Notice of Pre-AIA or AIA Status
The present application, filed on or after March 16, 2013, is being examined under the first inventor to file provisions of the AIA .
DETAILED ACTION
The claim set filed 10/27/2023 is acknowledged.
Claims 5-6 and 9-18 are withdrawn by the examiner as being improper multi-dependent claims.
Claims 1-4, 7-8, and 19-20 will be examined on the merits herein.
Specification
The use of the term Adcetris p.56 line 13, which is a trade name or a mark used in commerce, has been noted in this application. The term should be accompanied by the generic terminology; furthermore, the term should be capitalized wherever it appears or, where appropriate, include a proper symbol indicating use in commerce such as ™, SM , or ® following the term.
Although the use of trade names and marks used in commerce (i.e., trademarks, service marks, certification marks, and collective marks) are permissible in patent applications, the proprietary nature of the marks should be respected and every effort made to prevent their use in any manner which might adversely affect their validity as commercial marks.
It should be noted that the cited occurrences of improper use are only exemplary and Applicant should review the entire specification to correct any other improper use of trademarks.
Claim Objections
Claim 2 is objected to for referring to a cytotoxic which is an adjective not a noun. The objection can be overcome by referring to a cytotoxic agent. In the interest of compact prosecution, the examiner will interpret claim 2 as referring to a cytotoxic agent.

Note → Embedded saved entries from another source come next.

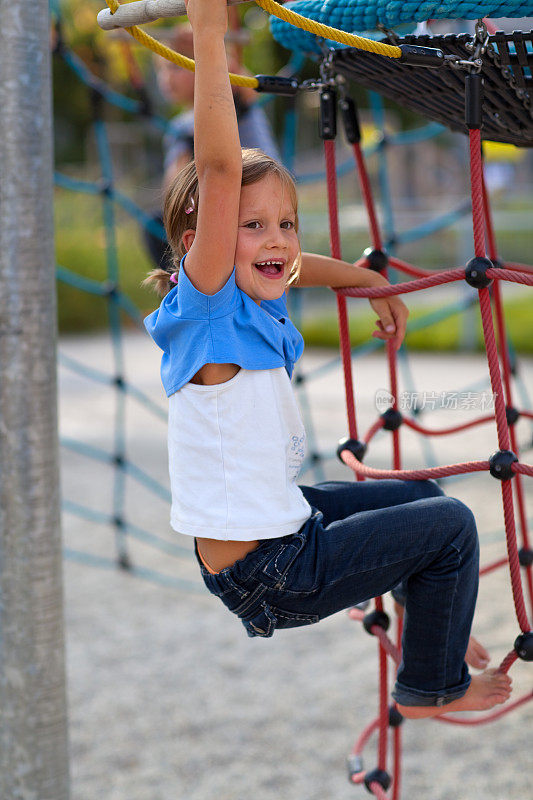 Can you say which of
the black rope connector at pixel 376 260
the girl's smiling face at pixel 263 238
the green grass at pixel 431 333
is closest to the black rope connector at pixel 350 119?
the black rope connector at pixel 376 260

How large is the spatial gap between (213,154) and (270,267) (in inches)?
6.4

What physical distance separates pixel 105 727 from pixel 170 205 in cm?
135

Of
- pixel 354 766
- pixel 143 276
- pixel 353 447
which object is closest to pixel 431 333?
pixel 143 276

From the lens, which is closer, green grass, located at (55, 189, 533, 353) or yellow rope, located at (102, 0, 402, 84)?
yellow rope, located at (102, 0, 402, 84)

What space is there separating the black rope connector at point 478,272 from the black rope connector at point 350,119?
0.40 meters

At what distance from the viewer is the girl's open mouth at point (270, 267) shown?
3.79 ft

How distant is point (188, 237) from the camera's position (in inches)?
46.2

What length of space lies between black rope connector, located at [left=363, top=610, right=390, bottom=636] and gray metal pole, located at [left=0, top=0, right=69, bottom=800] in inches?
18.1

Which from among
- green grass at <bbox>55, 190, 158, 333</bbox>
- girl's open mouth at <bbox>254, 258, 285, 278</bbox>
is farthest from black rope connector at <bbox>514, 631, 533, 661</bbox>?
green grass at <bbox>55, 190, 158, 333</bbox>

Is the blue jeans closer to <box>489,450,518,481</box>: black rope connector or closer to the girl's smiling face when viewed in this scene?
<box>489,450,518,481</box>: black rope connector

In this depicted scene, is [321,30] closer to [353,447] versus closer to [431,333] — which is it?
[353,447]

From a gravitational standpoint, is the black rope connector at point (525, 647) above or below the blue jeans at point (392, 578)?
below

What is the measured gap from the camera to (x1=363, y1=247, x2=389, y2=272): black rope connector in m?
1.56

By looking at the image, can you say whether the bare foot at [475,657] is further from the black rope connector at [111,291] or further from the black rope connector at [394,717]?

Claim 3 is objected to because the first letter “A” is capitalized in each of the steps a)-c). This is not the beginning of a sentence and therefor it should not be capitalized. Claim 3 is also objected to because the preamble recites “A polynucleotide selected in the group” which would be clearer written as “A polynucleotide selected from the group”.

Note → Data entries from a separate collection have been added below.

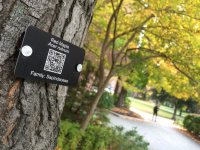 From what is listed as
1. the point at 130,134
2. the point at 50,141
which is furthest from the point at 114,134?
the point at 50,141

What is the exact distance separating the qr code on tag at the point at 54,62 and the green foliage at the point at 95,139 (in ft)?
18.9

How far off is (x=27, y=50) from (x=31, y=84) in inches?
4.9

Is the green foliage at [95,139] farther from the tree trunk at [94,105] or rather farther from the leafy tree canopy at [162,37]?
the leafy tree canopy at [162,37]

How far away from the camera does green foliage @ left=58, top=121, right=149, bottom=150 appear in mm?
7273

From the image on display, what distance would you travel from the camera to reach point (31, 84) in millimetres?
1107

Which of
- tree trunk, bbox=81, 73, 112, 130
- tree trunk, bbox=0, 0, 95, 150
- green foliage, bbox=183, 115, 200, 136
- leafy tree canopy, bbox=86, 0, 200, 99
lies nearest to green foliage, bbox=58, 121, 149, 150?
tree trunk, bbox=81, 73, 112, 130

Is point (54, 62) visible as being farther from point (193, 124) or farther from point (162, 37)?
point (193, 124)

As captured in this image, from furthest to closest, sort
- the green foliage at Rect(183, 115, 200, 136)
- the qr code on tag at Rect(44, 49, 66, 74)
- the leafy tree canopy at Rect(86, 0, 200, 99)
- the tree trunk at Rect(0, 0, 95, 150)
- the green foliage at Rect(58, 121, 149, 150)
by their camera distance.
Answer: the green foliage at Rect(183, 115, 200, 136) < the green foliage at Rect(58, 121, 149, 150) < the leafy tree canopy at Rect(86, 0, 200, 99) < the qr code on tag at Rect(44, 49, 66, 74) < the tree trunk at Rect(0, 0, 95, 150)

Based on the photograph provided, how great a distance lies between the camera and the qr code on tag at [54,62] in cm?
114

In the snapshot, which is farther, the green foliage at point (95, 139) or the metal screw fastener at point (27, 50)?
the green foliage at point (95, 139)

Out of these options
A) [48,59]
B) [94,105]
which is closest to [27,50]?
[48,59]

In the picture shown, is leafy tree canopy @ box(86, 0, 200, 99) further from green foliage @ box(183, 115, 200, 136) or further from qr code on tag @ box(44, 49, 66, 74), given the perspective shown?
green foliage @ box(183, 115, 200, 136)

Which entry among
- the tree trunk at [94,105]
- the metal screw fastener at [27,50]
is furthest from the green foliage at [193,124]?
the metal screw fastener at [27,50]

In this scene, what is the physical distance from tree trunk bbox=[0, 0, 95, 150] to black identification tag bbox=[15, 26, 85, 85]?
0.02 meters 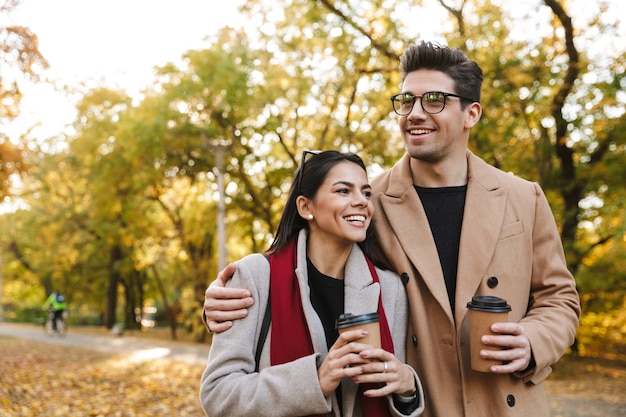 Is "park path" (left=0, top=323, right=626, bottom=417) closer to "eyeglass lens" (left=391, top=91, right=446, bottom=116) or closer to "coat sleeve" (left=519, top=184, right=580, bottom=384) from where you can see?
"coat sleeve" (left=519, top=184, right=580, bottom=384)

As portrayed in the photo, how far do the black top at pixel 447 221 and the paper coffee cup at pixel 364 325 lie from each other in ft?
2.21

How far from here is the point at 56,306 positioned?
70.7 feet

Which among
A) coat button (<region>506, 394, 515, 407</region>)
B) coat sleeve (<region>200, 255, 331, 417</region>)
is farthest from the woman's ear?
coat button (<region>506, 394, 515, 407</region>)

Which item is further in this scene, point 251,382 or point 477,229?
point 477,229

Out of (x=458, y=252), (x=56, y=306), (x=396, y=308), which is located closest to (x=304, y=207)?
(x=396, y=308)

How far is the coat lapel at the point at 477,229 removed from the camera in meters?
2.42

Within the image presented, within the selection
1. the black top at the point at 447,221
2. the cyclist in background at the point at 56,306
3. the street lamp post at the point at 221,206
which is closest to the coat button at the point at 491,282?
the black top at the point at 447,221

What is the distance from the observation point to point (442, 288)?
2.43m

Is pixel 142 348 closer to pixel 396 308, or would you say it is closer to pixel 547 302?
pixel 396 308

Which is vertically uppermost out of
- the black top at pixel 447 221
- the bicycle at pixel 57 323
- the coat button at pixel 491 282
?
the black top at pixel 447 221

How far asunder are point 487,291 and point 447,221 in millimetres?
390

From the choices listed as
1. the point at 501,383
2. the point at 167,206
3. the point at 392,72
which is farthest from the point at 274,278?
the point at 167,206

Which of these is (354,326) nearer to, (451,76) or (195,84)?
(451,76)

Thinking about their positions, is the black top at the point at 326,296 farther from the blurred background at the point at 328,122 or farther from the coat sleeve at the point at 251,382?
the blurred background at the point at 328,122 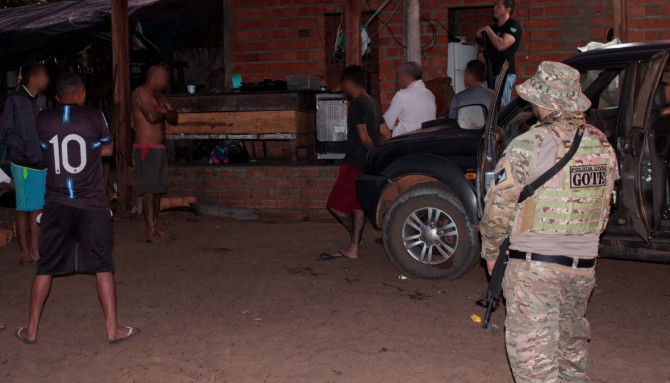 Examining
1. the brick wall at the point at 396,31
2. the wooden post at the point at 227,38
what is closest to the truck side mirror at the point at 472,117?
the brick wall at the point at 396,31

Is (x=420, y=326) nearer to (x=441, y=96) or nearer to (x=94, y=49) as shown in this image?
(x=441, y=96)

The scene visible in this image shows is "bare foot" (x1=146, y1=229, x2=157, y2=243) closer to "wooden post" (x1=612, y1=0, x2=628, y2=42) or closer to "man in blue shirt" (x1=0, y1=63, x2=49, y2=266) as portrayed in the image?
"man in blue shirt" (x1=0, y1=63, x2=49, y2=266)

Claims 5-6 are objected to under 37 CFR 1.75(c) as being in improper form because a multiple dependent claim should refer to other claims in the alternative only. See MPEP § 608.01(n). Accordingly, the claims have not been further treated on the merits.
Claims 9-18 are objected to under 37 CFR 1.75(c) as being in improper form because a multiple dependent claim cannot depend from any other multiple dependent claim. See MPEP § 608.01(n). Accordingly, the claims have not been further treated on the merits.
Claim Rejections - 35 USC § 112(b)
The following is a quotation of 35 U.S.C. 112(b):
(b) CONCLUSION.—The specification shall conclude with one or more claims particularly pointing out and distinctly claiming the subject matter which the inventor or a joint inventor regards as the invention.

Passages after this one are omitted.